Corn and soybean prices look good, well into the future, according to Chad Hart, Iowa State University assistant professor of economics. Hart was one of the primary speakers, who addressed an overflow crowd at Friday’s Crop Advantage Series held at the Catfish Bend Casino, Convention and Events Center in Burlington.

Of course, a few things like the European financial crisis, drought in South America, supply and demand, and the unpredictability of weather could have a say in how well crops do in 2012.

Even crop estimates for the coming season are a mixed bag. Some experts are predicting higher corn and soybean production in the U.S., while others are figuring on lower numbers. The U.S. is coming off a year, where farmers produced 12.3 billion bushels of corn, which didn’t quite cover the demand of 12.6 billion bushels.

“That was one of the top five corn crops despite the weather,” said Hart.

Even with weather issues across the Hawkeye state in 2011, Iowa was considered the “garden spot” in terms of production, Hart said.

If U.S. farmers could see a yield of 168 bushels an acre this year, it would go a long way in meeting demand. Dry conditions during the growing season in southern Brazil and Argentina could raise the price of corn and the demand for America’s golden grain. Brazil tends to use most of what it produces, while Argentina is a big exporter of grain.

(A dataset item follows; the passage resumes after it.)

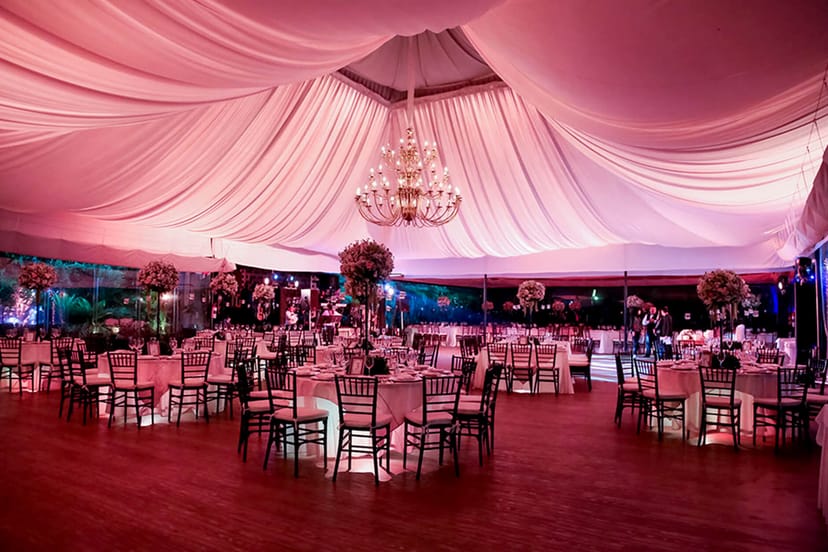 Luxury gala marquee with crystal chandeliers and pink lighting for upscale wedding events.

“China and Mexico have been our shining stars in the corn market,” Hart said, concerning U.S. exports.

The U.S. also is coming off four of the best soybean crops in the past five years. The average soybean yield for 2011 was 41.3 bushels per acre.

“The international market drove demand in 2009 and 2010,” Hart said, as China was the largest U.S. customer. “We have seen China slow down.”

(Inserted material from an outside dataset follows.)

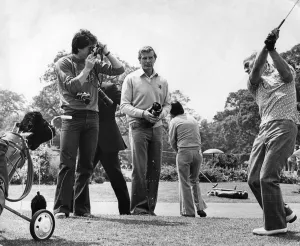 Aston Villa footballer Dennis Mortimer takes a photograph of manager Ron Saunders Aston Villa footballer Dennis Mortimer takes a photograph of manager Ron Saunders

Demand this year for U.S. grain will depend greatly on what China is able to produce on their own. With South America’s two largest producers, Brazil and Argentina, experiencing droughts, China most likely will have to import grain from the U.S. this year.

With corn futures hovering around $6.50 a bushel and soybeans more than $12 per bushel, the livestock industry has had trouble with profitability. Pork, beef and poultry are experiencing down markets with feed costs rising.

“We are not seeing a lot of expansion in the livestock industry,” Hart said.

With corn prices staying high, some countries and U.S. farmers are switching to wheat as their primary feed ingredient.

Two other avenues driving demand for grain are conventional biofuels, such as corn-based ethanol, and biodiesel, which uses soybeans. In 2011, the ethanol industry used 4.64 billion bushels of corn in order to meet demand for the alternative fuel. Ethanol production has remained stable, but hasn’t seen growth as ethanol plants have not been built in the past two years, Hart said.

The price of corn represents two-thirds of the cost in making a gallon of ethanol.

“Even without the tax credit, they can make money,” Hart said of ethanol manufacturers.

The ethanol industry suffered in the heart of the Great Recession, 2008 and 2009, but has recovered in the past two years.

So what’s the forecast for the 2012 corn and soybean crops? The prospects look good, Hart said.

The cost of production for corn should be around $4.41 per bushel, and $10.70 per bushel of soybeans. With future prices exceeding projected costs, U.S. farmers should have a profitable year.

“We encourage farmers to plant more corn,” Hart said, as the profit margin is higher for corn.

If the corn crop meets expectations in 2012, it will be the fourth largest crop in U.S. history.

“The last two years have yielded the best return,” Hart said.

The prospects for demand look good with South America’s drought trouble.

“Will Mother Nature cooperate? Will it let us plant the available land?” Hart said. “The market is trying to figure out this weather pattern.”

Whether the current La Nina gives way to an El Nino climate pattern, and economic concerns across the globe resolve themselves, 2012 should prove an interesting year for U.S. farmers.

“I definitely would look at crop insurance,” Hart said toward the end of his speech.